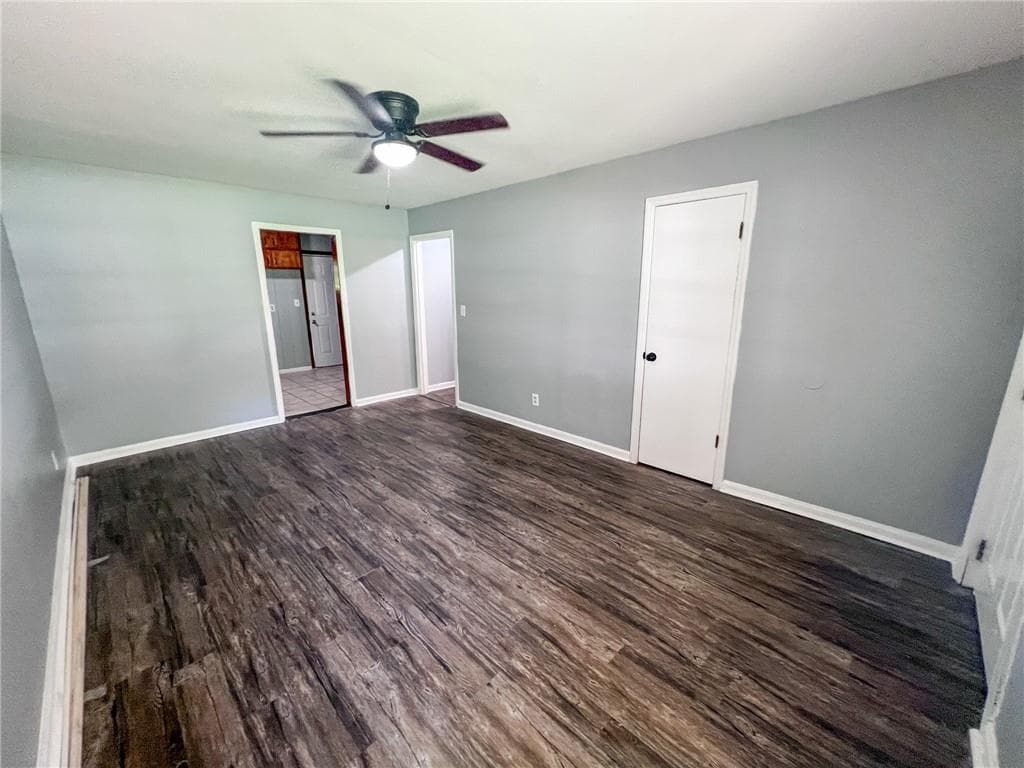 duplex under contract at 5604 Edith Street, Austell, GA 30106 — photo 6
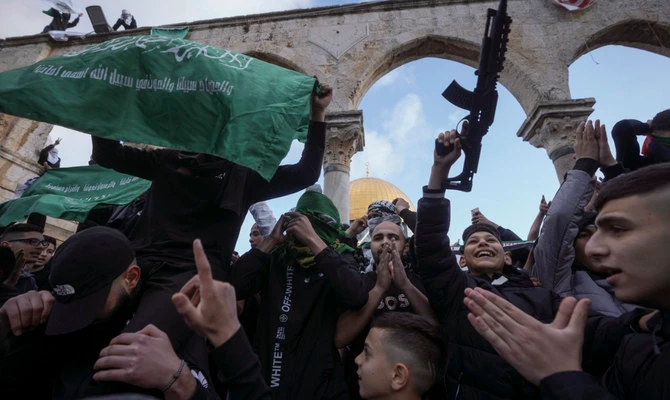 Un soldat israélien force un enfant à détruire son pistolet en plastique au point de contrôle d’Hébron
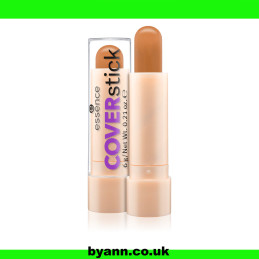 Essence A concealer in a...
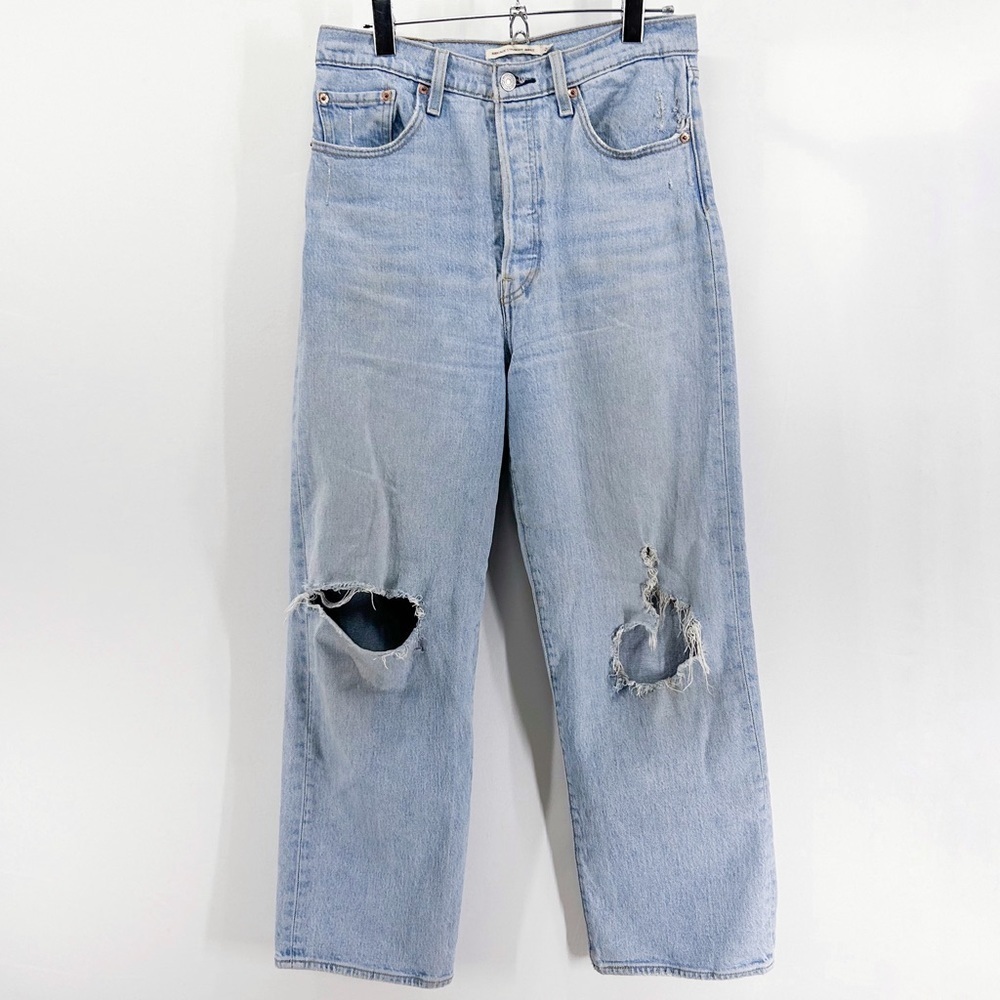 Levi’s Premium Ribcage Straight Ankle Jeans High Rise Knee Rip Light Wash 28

---

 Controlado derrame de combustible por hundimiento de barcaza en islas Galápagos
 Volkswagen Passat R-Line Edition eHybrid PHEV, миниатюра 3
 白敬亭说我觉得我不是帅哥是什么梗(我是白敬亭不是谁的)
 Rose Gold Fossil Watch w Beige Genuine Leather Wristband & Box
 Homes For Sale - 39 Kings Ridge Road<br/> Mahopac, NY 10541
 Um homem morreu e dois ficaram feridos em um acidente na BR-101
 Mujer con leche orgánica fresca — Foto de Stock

** YOUR OBJECTIVE **
Start with the line above containing "duplex under contract" and end with the line containing "Levi’s Premium Ribcage". Set down that stretch exactly, without any pictures.

** TASK RESPONSE **
 duplex under contract at 5604 Edith Street, Austell, GA 30106 — photo 6
 Un soldat israélien force un enfant à détruire son pistolet en plastique au point de contrôle d’Hébron
 Essence A concealer in a...
 Levi’s Premium Ribcage Straight Ankle Jeans High Rise Knee Rip Light Wash 28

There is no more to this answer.